The overall risk of needing a total thyroidectomy was found to be 19.4% for patients undergoing lobectomy for indeterminate and high-risk thyroid nodule, according to a report published by Moore et al in the World Journal of Surgery. The study also found that 21% and 26.5% of patients originally referred for lobectomy had to be upgraded to total thyroidectomy during or immediately after surgery, respectively. These latest findings shed new light on the clinical reality of patients deemed suitable for unilateral thyroid lobectomy.
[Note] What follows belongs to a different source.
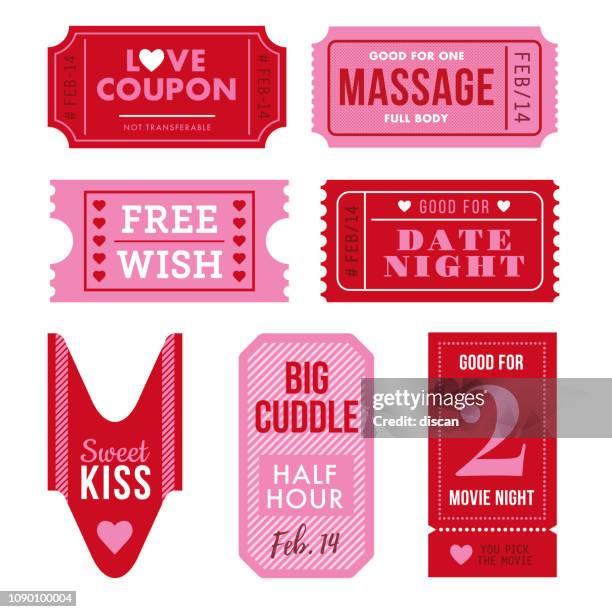 ilustraciones, imágenes clip art, dibujos animados e iconos de stock de conjunto de entradas de día de san valentín y cupón. - día de san valentín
“The whole point of this research is realizing that more patients, based on their evaluation in the clinic, should be directed toward a total thyroidectomy to lessen the number of patients that need to return for a second operation,” said lead study author Allan Siperstein, MD, Chairman of the Department of Endocrine Surgery at Cleveland Clinic.
American Thyroid Association (ATA) guidelines are used in the preoperative evaluation of patients with thyroid cancer and suggest a risk-directed approach in determining the extent of surgery needed for thyroid cancer. According to ATA guidelines, total thyroidectomy and radioactive iodine treatment are recommended for high-risk tumors measuring more than 4 cm or lesions that exhibit adverse pathology. Lobectomy is usually considered suitable for smaller intrathyroidal tumors with no added risk factors.
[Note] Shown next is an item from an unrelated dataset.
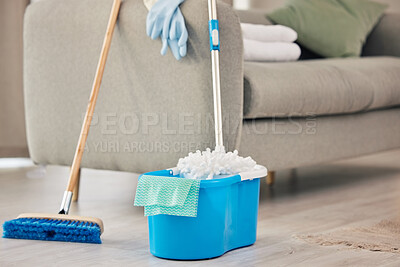 Buy stock photo Broom, mop or supplies for cleaning in home maintenance for germ protection, bacteria or safety. Background, cloth or housekeeping tools on dirty floor ready to begin or start chores in apartment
“It has become recognized that we can be less aggressive with surgery and, if the nodule is appropriate, the guidelines recommend removing just half of the thyroid,” said Dr. Siperstein.
However, he also noted that a significant number of patients with indeterminate nodules fall into a “gray zone,” because their thyroid cells may not clearly look benign or cancerous on fine needle biopsy.
“This is why we are left in this conundrum,” he explained. “The ultrasound gives us a hint of higher or lower probability [of cancer], but unfortunately, it is not definitive. Therefore, thyroid nodules need to be worked up by specialists who are very experienced in all of these subtleties.” Patient preferences and disease-specific characteristics should be taken into consideration when making the final recommendation in patients with indeterminate nodules, he added.
The purpose of the current study was to gather data to aid decision-making in patients with indeterminate nodules, and clarify the three settings in which the decision about the extent of surgery is being made: the preoperative setting, during surgery itself, and the postoperative setting.
“The ultimate goal was to collect data that would allow for a better discussion and shared decision-making to take place between the clinician and the patient in terms of what’s best for the individual patient,” said Dr. Siperstein.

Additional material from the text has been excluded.